El memorando, que entrará en vigor en 30 días, fue suscrito en el marco de una visita oficial de tres días que realiza a México el canciller cubano, Felipe Pérez Roque, con el objeto de apuntalar políticas migratorias bilaterales bajo el principio de la responsabilidad compartida.

Tras el acuerdo firmado en la Secretaría de la Gobernación de México conjuntamente con los secretarios del Interior, Juan Camilo Mouriño, y de Relaciones Exteriores, Patricia Espinosa, los dos países resaltaron que el contrabando humano es un problema alentado artificialmente por Estados Unidos, que "estimula la inmigración ilegal y el tráfico ilícito de cubanos, y dificulta los esfuerzos para combatir eficazmente a las organizaciones criminales que lucran con estos ilícitos''.
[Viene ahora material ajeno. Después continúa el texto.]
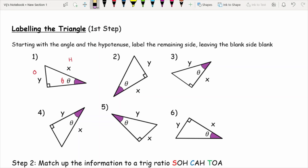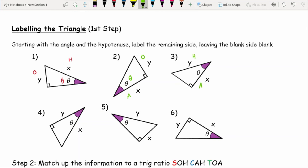Going through the answers to the labelling exercises: question two has theta, opposite O, and adjacent A. Question three has theta, H, and A. Question four has A and H given. Question five has H and O. Question six has A and O. The next thing we need to do is match these labelled sides up with the correct trig equations, so let's write down the rules: tan θ = O/A, sin θ = O/H, and cos θ = A/H.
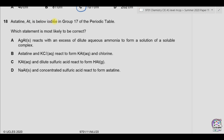Question 18. Astatine is below iodine in group 17. Which statement is most likely to be correct? A: silver astatide reacts with excess dilute aqueous ammonia to form a soluble complex — this is wrong because only silver chloride dissolves in dilute aqueous ammonia; silver astatide does not. B: astatine and KCl react to form potassium astatide and chlorine — astatine cannot displace chloride ion because it is lower in group 17; the member below cannot displace the member above. Chlorine can displace astatide, but astatide cannot displace chlorine.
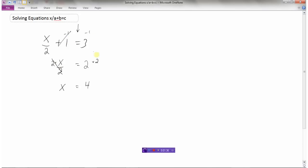Remember to do the same operation to both sides of the equation. Now I'm done: x equals 4. Let's go back to the original question and check: 4 divided by 2 is 2, and 2 plus 1 is 3. Yes, the answer is correct. We'll do a few more examples so you get the hang of it.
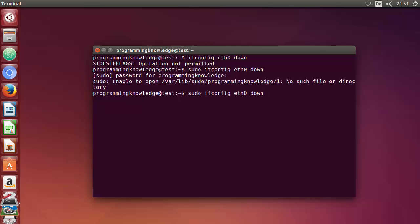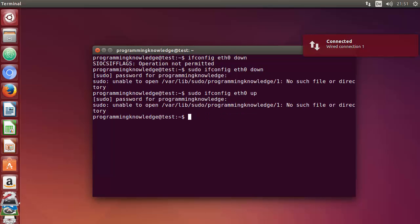To bring your internet connection back up, use the up command instead of down: sudo ifconfig eth0 up. Enter your password and it will reconnect to your network — you can see 'connected' once again. These are two important commands you can use with ifconfig, but there are many more flags and options available. Just run man ifconfig to see all available options and explore them on your own, as there are too many to cover in one video.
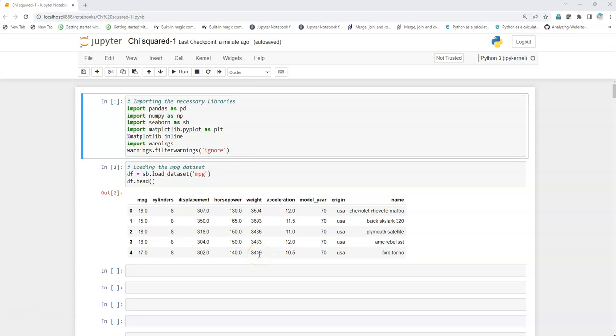Hey guys, I hope you're doing great. In this video we're going to see how we can apply the chi-square test on our dataset. Suppose we have two categorical variables and we want to check whether those two variables are correlated or not, or if there's some dependency between them.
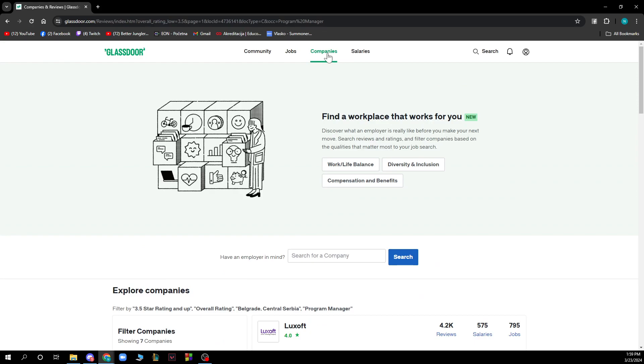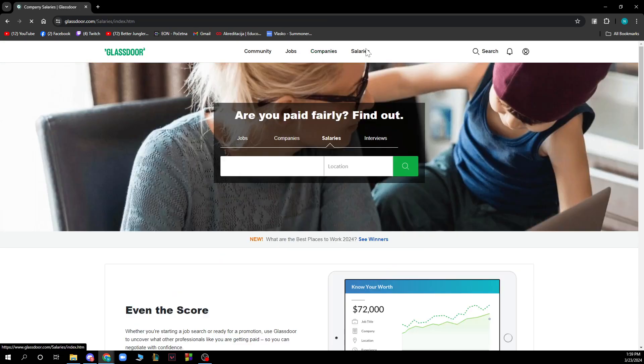We also have companies where you can find a workplace that works for you. This is a new feature - if you have an employer in mind, you can search for a company by typing the name and clicking on the search button.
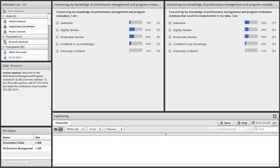Hello and welcome to the Performance Management Evaluation Guide Overview for the FLEX program. I'm Sally Buck, CEO and Programs Director at the National Rural Health Resource Center and the Technical Assistance Services Center, or TASC.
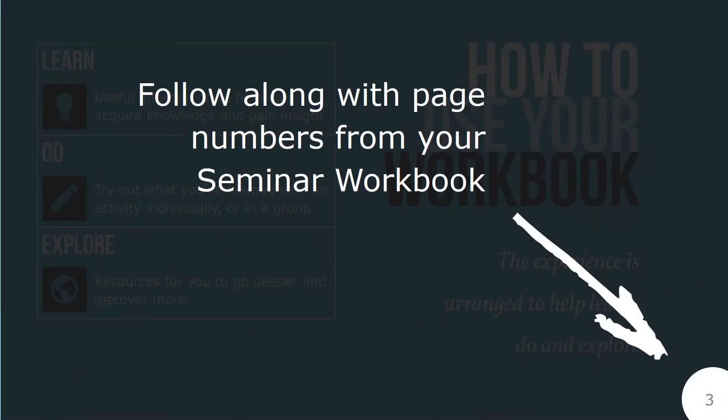Before we get started, note that page numbers are provided on each slide to help you follow along in your seminar workbook.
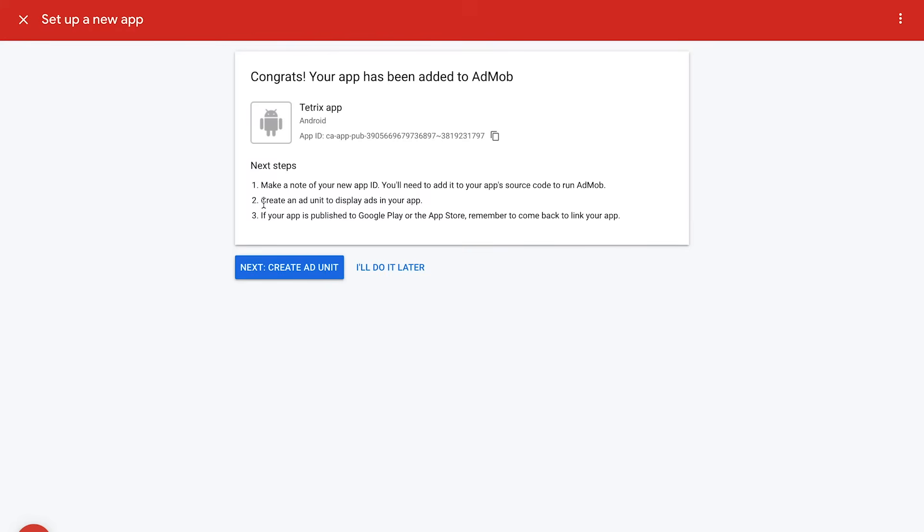The next step is to create an ad unit. The process is the same as for the previously presented published apps. Click on the blue Create Ad Unit button, select your format, and name your ad unit. Once you've set up your unpublished app, you can come back later and link it anytime. Let's see how to do that.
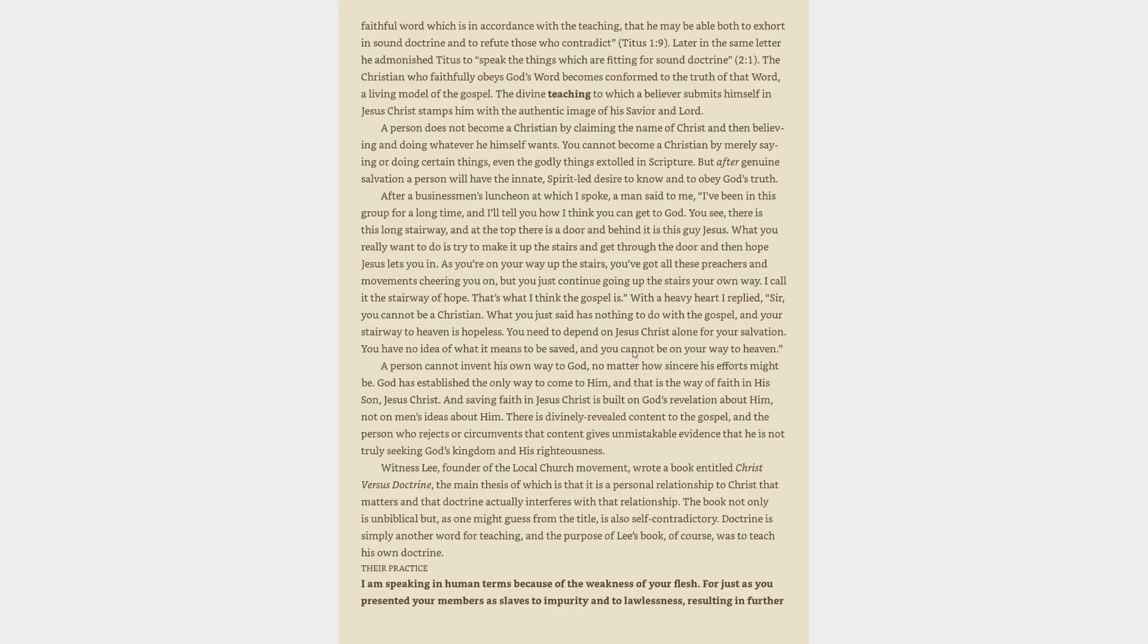Witness Lee, founder of the local church movement, wrote a book entitled Christ vs. Doctrine, the main thesis of which is that personal relationship to Christ matters and that doctrine interferes with that relationship. The book is not only unbiblical but self-contradictory. Doctrine is simply another word for teaching.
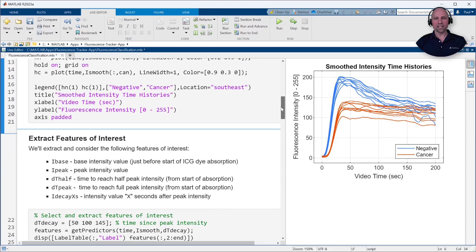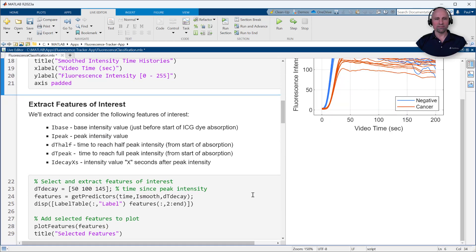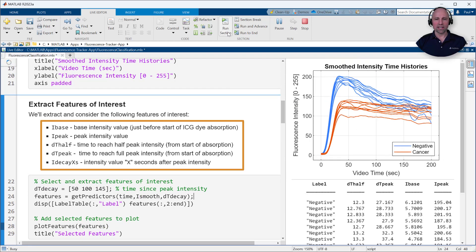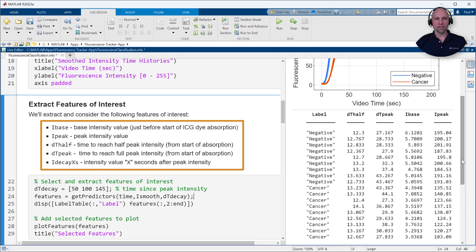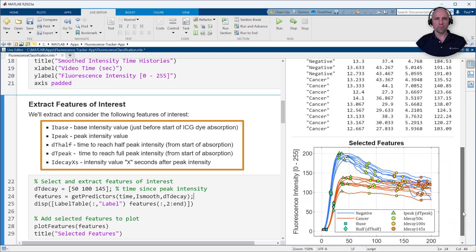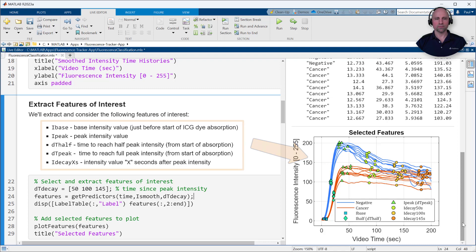For example, for each labeled region, we'll extract the following features: the base intensity value before dye absorption, the peak intensity value, the time to half and full peak, and the intensity values at 50, 100, and 145 seconds after the peak occurs.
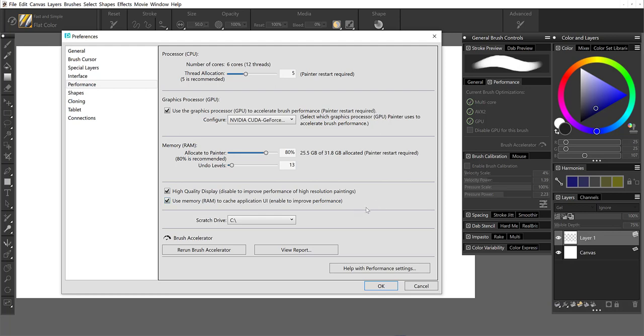So if you want to, you can come in and make some adjustments to these. But ultimately, the brush accelerator is setting everything up for optimal performance automatically for you.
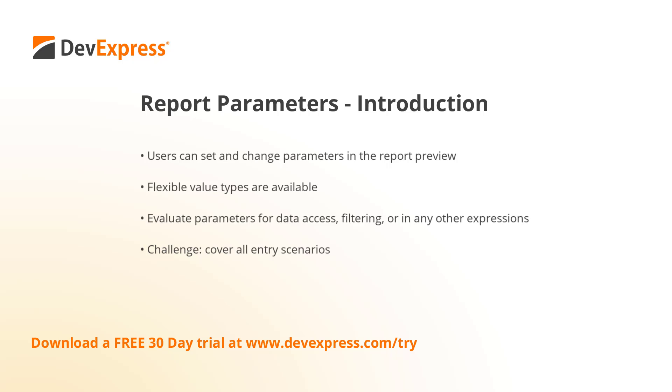A report developer can use parameter values to construct expressions, for example to retrieve or process data on the basis of user-supplied input. From a developer's perspective, one challenge associated with report parameters is to cover all possible value combinations, including optional parameters. The following demo illustrates the best practices.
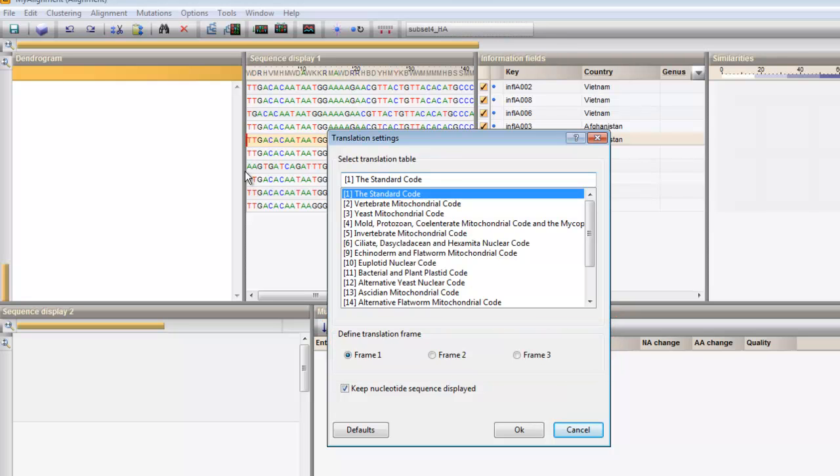If you wish to see both amino acids and nucleotides, keep this option checked.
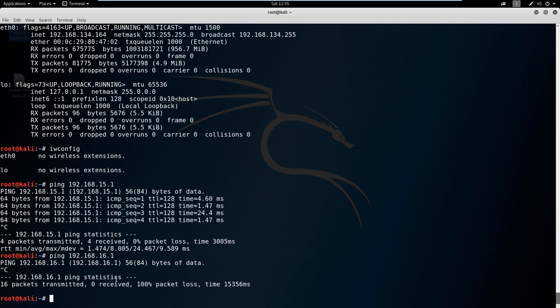So moving on to the next command, I want to show you ARP. The best way I like to type it is ARP with a switch of -a.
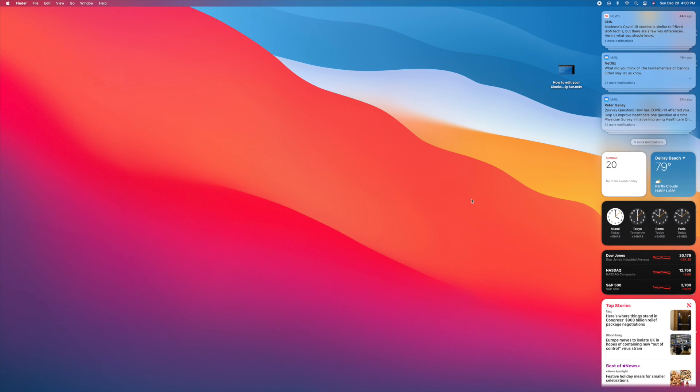If you like this video, please subscribe to my channel and check out my other awesome videos on how to do stuff with this new, incredible Mac OS Big Sur. Peace out.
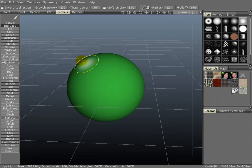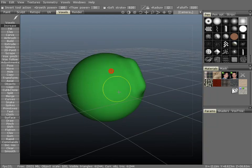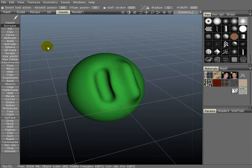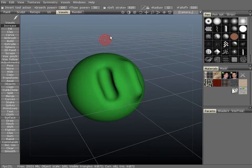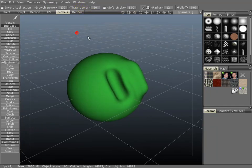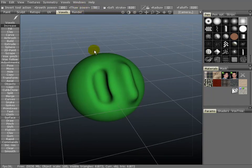I will demonstrate here. You can increase and you can decrease, holding control to decrease. Growth power will control the intensity of the increasing, and then thaw power will control the intensity of the decreasing.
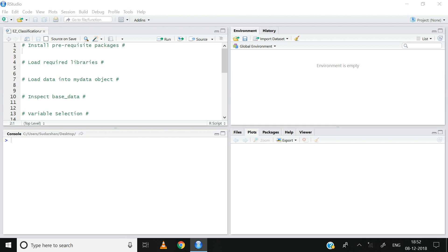Hi, welcome to my channel EZML. In the previous set of videos, we looked at the theory behind classification models, specifically the random forest algorithm. In this video, we will see how the random forest classification model can be built on the iris dataset.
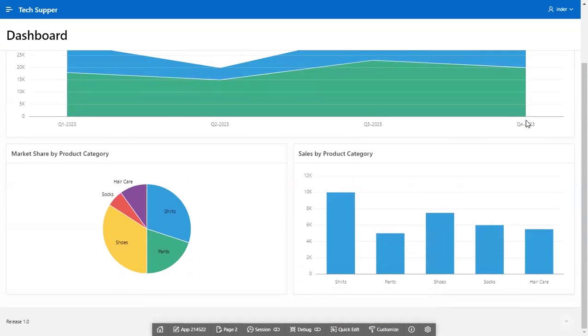And done. Our dashboard with three intuitive charts is ready. You can add more chart regions to the page to add more charts there.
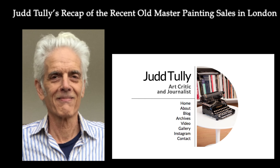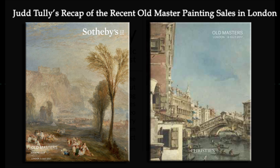Hi, this is Judd Tully from JuddTully.net, and I'm going to be talking tonight briefly about the recent series of Old Master painting sales in London that took place in early July. This is my take on those sales.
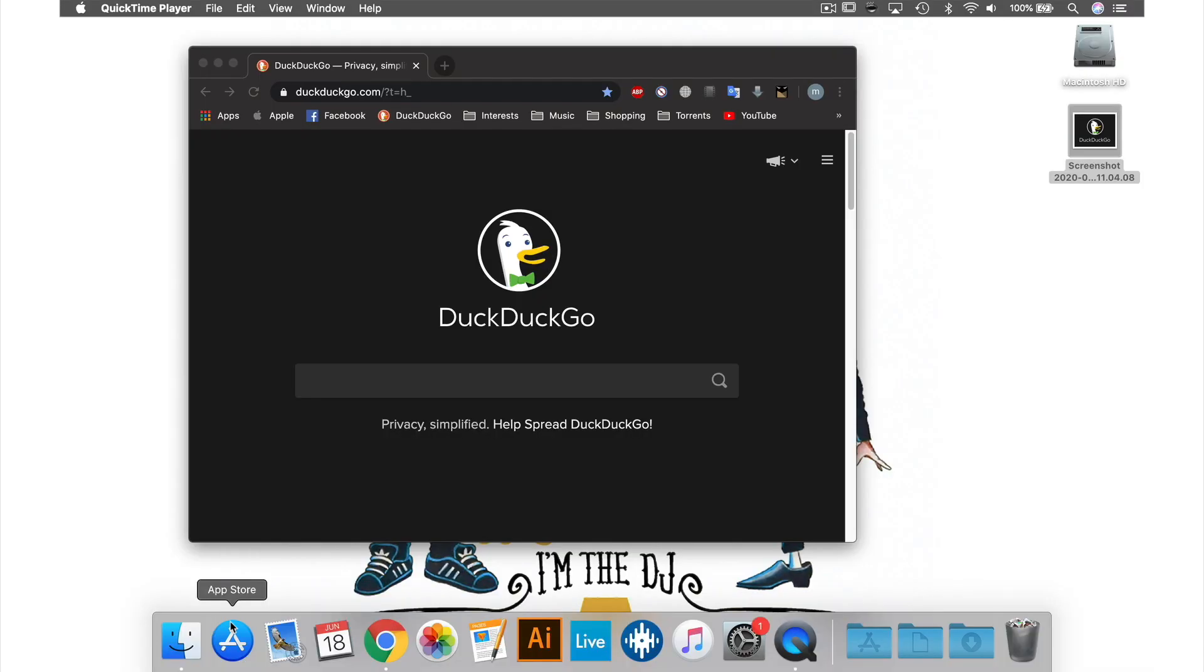So that was how to use the screen capture feature for creating still snapshots in QuickTime. Head over to the next tutorial where I'll show you how to create video snapshots in QuickTime.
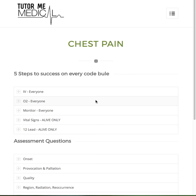Hey there, boys and girls. This is Josh from 2RBMedical.com. Today I'm going to be taking you through our blog post on chest pain. We have another blog post dedicated to the five steps to success on every code blue, so I'm going to briefly touch on those again here.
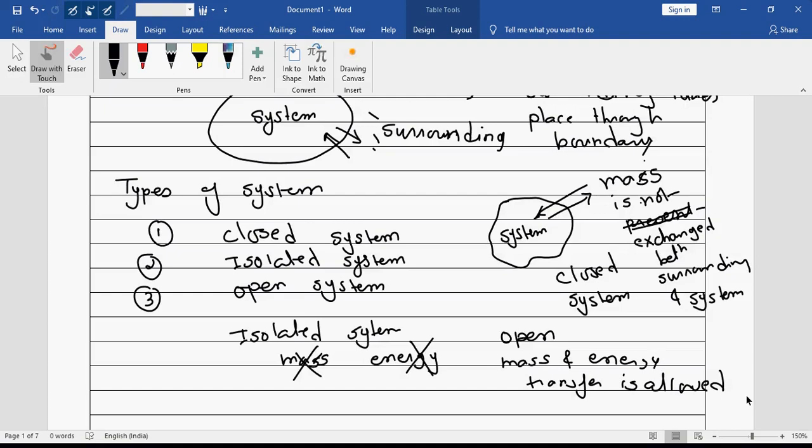So this is related to the types of system. If you have understood the various types of system, just post that in the WhatsApp group.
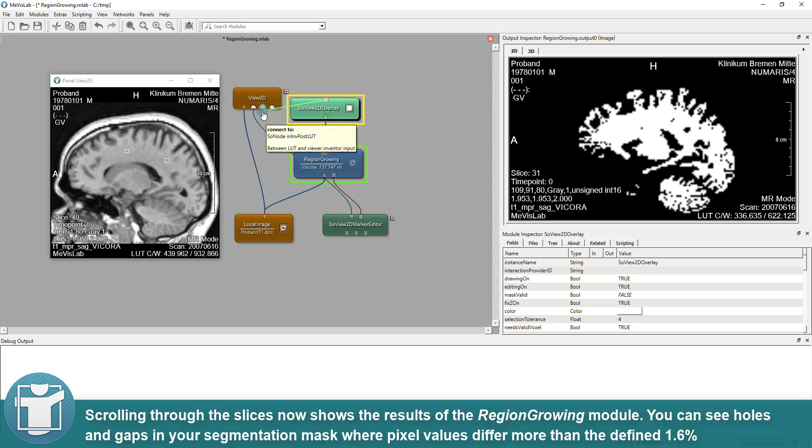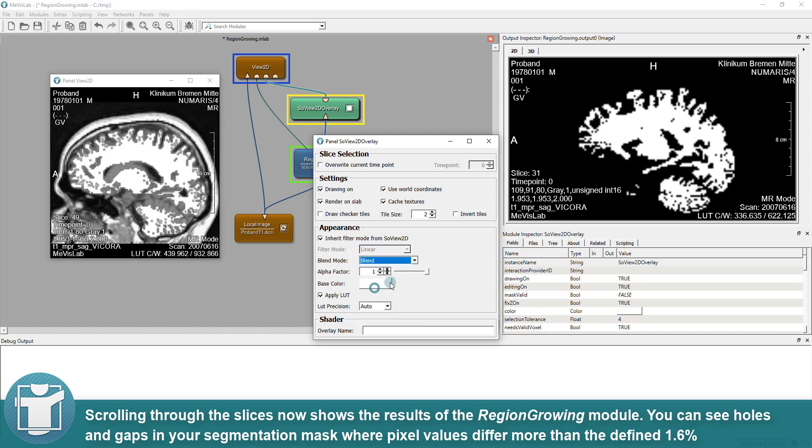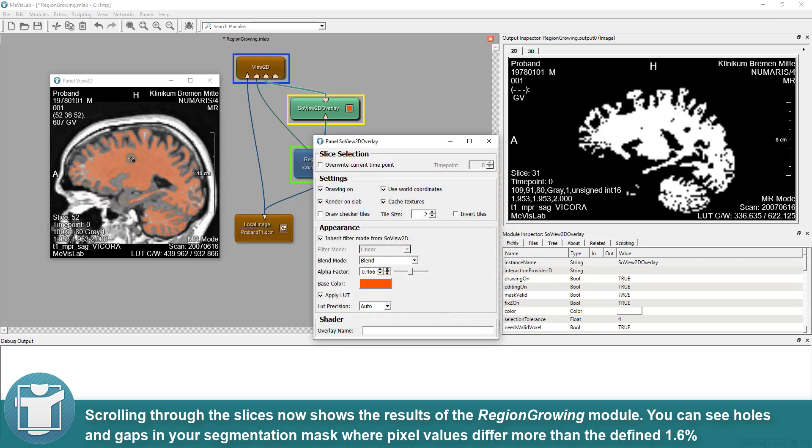Scrolling through the slices now shows the results of the region-growing module. You can see a lot of holes and gaps in your segmentation masks where pixel values differ more than the defined 1.6%.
México y Cuba también rechazaron la imposición de medidas "coercitivas y de leyes extraterritoriales, como el bloqueo impuesto por el Gobierno de Estados Unidos en contra de Cuba y la ley Helms-Burton, que establece restricciones y afectaciones a empresas mexicanas''.

El canciller cubano saludó la firma del inédito acuerdo haciendo hincapié en el hecho de que la isla defiende profundamente la autodeterminación de un gobierno en materia migratoria.